#### Task brief:
Please write out exactly, and only, the lines from the first in the material below to the line containing "Oxyde de magnésium", both included.

========

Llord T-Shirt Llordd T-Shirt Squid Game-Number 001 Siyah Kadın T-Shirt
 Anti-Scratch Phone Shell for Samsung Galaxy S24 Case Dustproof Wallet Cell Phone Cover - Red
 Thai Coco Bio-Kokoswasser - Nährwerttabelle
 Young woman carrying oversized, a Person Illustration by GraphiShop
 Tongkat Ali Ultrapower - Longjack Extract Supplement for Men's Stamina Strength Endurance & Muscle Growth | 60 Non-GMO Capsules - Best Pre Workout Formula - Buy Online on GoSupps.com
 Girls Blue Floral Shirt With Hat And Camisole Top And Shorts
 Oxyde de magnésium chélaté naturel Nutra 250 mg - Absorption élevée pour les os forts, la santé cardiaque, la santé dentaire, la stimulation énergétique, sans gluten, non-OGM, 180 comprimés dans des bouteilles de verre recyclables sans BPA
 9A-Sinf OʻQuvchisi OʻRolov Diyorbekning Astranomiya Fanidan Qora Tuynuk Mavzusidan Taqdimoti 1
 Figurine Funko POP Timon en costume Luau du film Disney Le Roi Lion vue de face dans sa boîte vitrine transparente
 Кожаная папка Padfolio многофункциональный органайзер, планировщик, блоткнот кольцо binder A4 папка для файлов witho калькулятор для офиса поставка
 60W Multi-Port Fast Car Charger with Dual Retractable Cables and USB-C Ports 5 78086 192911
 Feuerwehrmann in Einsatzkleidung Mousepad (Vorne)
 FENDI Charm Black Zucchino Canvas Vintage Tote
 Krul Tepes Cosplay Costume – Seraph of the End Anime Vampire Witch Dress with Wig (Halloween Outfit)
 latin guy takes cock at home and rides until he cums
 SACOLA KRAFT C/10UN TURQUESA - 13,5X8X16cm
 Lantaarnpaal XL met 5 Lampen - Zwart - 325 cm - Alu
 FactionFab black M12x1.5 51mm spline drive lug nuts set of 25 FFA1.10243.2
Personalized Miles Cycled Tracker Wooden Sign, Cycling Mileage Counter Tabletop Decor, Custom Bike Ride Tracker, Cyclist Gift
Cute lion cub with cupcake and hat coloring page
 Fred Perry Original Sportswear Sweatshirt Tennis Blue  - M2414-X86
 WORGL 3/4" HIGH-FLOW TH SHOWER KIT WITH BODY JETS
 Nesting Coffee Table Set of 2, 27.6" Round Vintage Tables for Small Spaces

========

#### Exercise result:
Llord T-Shirt Llordd T-Shirt Squid Game-Number 001 Siyah Kadın T-Shirt
 Anti-Scratch Phone Shell for Samsung Galaxy S24 Case Dustproof Wallet Cell Phone Cover - Red
 Thai Coco Bio-Kokoswasser - Nährwerttabelle
 Young woman carrying oversized, a Person Illustration by GraphiShop
 Tongkat Ali Ultrapower - Longjack Extract Supplement for Men's Stamina Strength Endurance & Muscle Growth | 60 Non-GMO Capsules - Best Pre Workout Formula - Buy Online on GoSupps.com
 Girls Blue Floral Shirt With Hat And Camisole Top And Shorts
 Oxyde de magnésium chélaté naturel Nutra 250 mg - Absorption élevée pour les os forts, la santé cardiaque, la santé dentaire, la stimulation énergétique, sans gluten, non-OGM, 180 comprimés dans des bouteilles de verre recyclables sans BPA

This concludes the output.